Top of DATA RECORDS

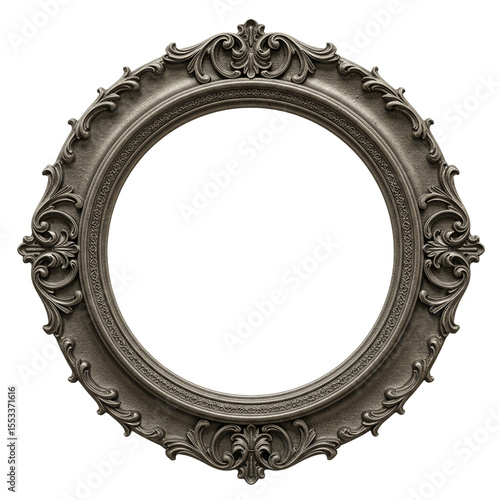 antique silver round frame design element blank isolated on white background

Bottom of DATA RECORDS
Top of DATA RECORDS

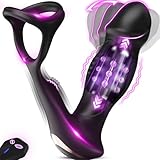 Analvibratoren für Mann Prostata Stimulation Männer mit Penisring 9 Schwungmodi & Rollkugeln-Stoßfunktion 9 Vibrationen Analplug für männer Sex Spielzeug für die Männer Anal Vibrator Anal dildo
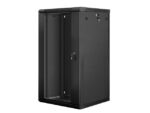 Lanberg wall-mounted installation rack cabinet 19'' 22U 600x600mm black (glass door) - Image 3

Bottom of DATA RECORDS

**REQUIREMENT**
From the records above, transcribe only the stretch from the line with "Analvibratoren für Mann" through the line with "Lanberg wall-mounted installation", keeping both ends. Omit pictures.

**RESULT FOR THIS EXERCISE**
 Analvibratoren für Mann Prostata Stimulation Männer mit Penisring 9 Schwungmodi & Rollkugeln-Stoßfunktion 9 Vibrationen Analplug für männer Sex Spielzeug für die Männer Anal Vibrator Anal dildo
 Lanberg wall-mounted installation rack cabinet 19'' 22U 600x600mm black (glass door) - Image 3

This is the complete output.